I recently had 450+ pages being replaced and I had noindexed them for sufficient time so I replaced the entire contents of the pages with:
<? Header( "HTTP/1.1 410 Gone" ); ?>
(This assumes that you have settings to handle php as html because the pages were saved with the same pagenames as the originals and just uploaded to replace them all.) Best practice? Maybe not, but it returns a 410 and I did not see any adverse effects. It did the job I needed to get done without further embiggening my .htaccess file. As I saw them reported in GWT they were deleted and by doing the noindex and 410, they have not caused 404s.
|Any ideas for the 410 coding for folders and some static pages in the root? I've tried to search for help on the code but can't find anything specific. |
Well, you're not going to find code that spells out your identical filenames ;) The basic pattern is
RewriteRule ^(dir1|dir2|otherdir) - [G]
with opening anchor but no closing anchor. Also leave off the closing directory slash unless there is a risk of ambiguity. Search engines will ask for directories without final slash, even if you've never used the URL anywhere. (I didn't know this until I moved sites a few months ago and put a close watch on redirects. I think it's because they have no way of knowing whether it's a physical directory.)
You said at the outset that you're moving to WordPress. That means you'll be using mod_rewrite. Check your existing htaccess and make sure you don't have any redirects using mod_alias (Redirect by that name). If there are any, they'll need to be converted to mod_rewrite syntax.
|Well, you're not going to find code that spells out your identical filenames ;) The basic pattern is RewriteRule ^(dir1|dir2|otherdir) - [G] |
:) This is good enough. Thanks but what about individual .htm file names? How does one add those?
It depends on exactly how many URLs are involved and where they're located. If the isolated pages are at the root, and there are only a few of them, you might shove it all into one pattern:
But if the isolated pages are inside various other directories, it will probably be easier to make separate rules. These are simple, conditionless rules:
The important thing is to put all your new rules before the parts of htaccess that are specific to WordPress. Opening anchors may or may not be necessary for proper rule execution*; they definitely help the server because it can see instantly if a request will match the pattern.
* When I moved sites, I initially came to some grief because I hadn't realized just how many different subdirectories I have with rats/ in the name :(
Thanks lucy24, not2easy. I get to work now!
A quick update -
All the pages that I don't want to carry forward to the new website have a noindex code (code inserted a week back).
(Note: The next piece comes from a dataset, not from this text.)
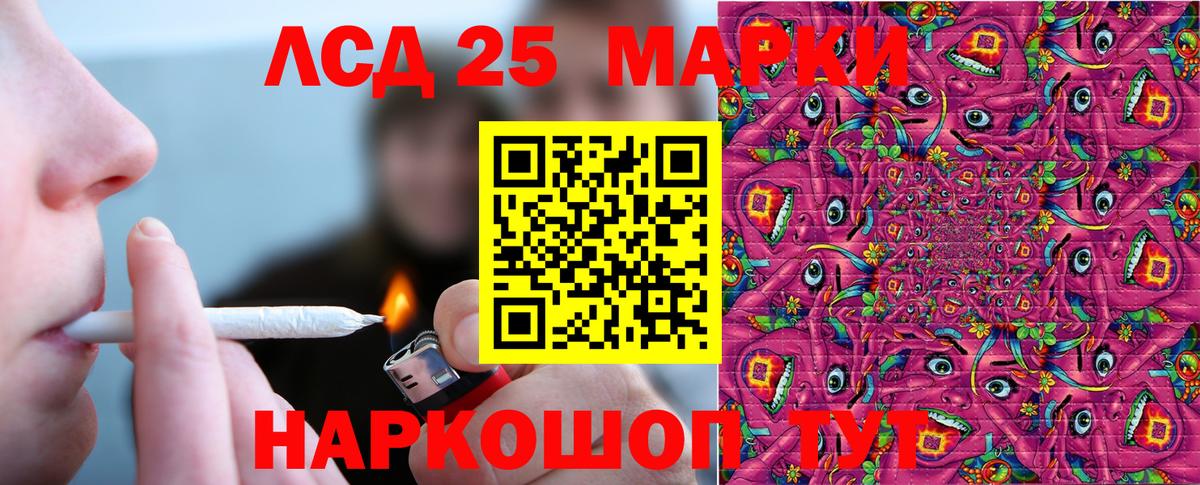 Марки NBOMe 1,8мг  Вход с VPN  Избербаш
GWT shows the status as Removed for all the pages / folders I added to Remove URL.
Is this the right time to return a 410, move to WP & delete old pages?
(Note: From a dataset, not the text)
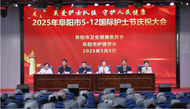 致敬白衣天使 阜陽市召開護士節慶祝大會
Yes, the new WP pages should be in place and your robots.txt edited for the new sitemaps.
Just so you know:
When you use "Remove URLs/Directories" in GWT they will come back looking for them in case you changed your mind, they aren't gone "forever" until Google crawls the 410s. (and maybe not even then?)
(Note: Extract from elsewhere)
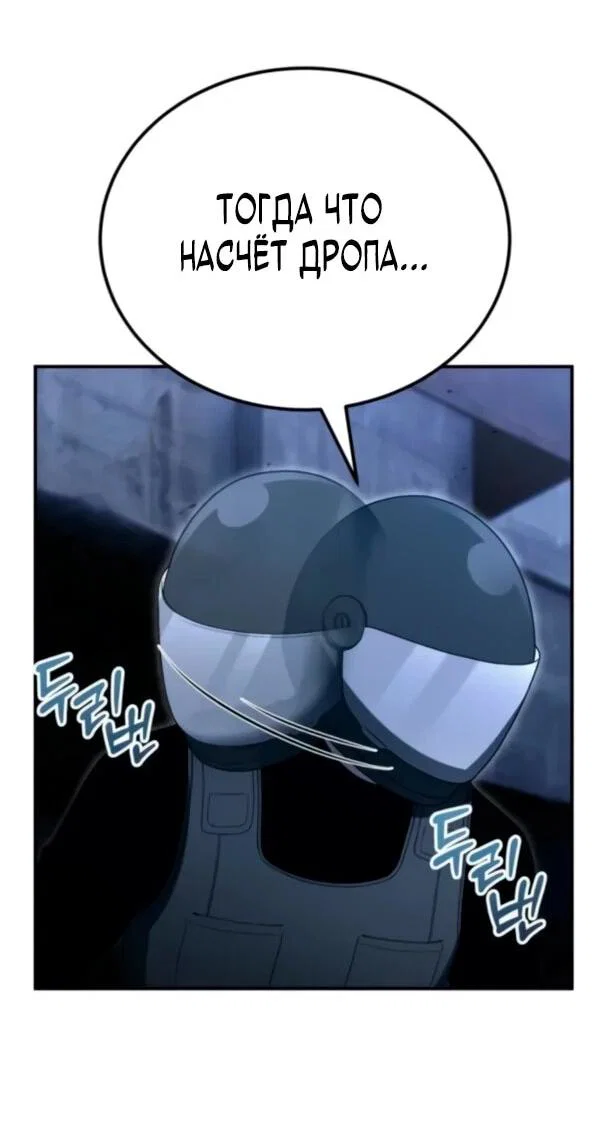 Read Ветеран Апокалипсиса RU Manga Online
When a URL returns 410 Gone several times in a row, Google assigns a lower crawl priority to it. They will still come looking for the page almost forever but it might only be at a rate of once or twice per year.
Thanks, g1smd, that's why I mentioned it - wouldn't want the OP to stop serving the 410s added previously until they have shown up in GWT. The URLs removed by requesting URL removal are only a temporary fix. I found out the hard way.
Everything in place. Sitting back and admiring the 'new' and improved website. Couldn't have done it without all the help from members here. Thank you once again.
(Waiting for the dust to settle.)
Dust settling can take some time, I am just beginning to see new activity on a new directory that replaced some long term pages over 5 months ago. They can move with all deliberate speed.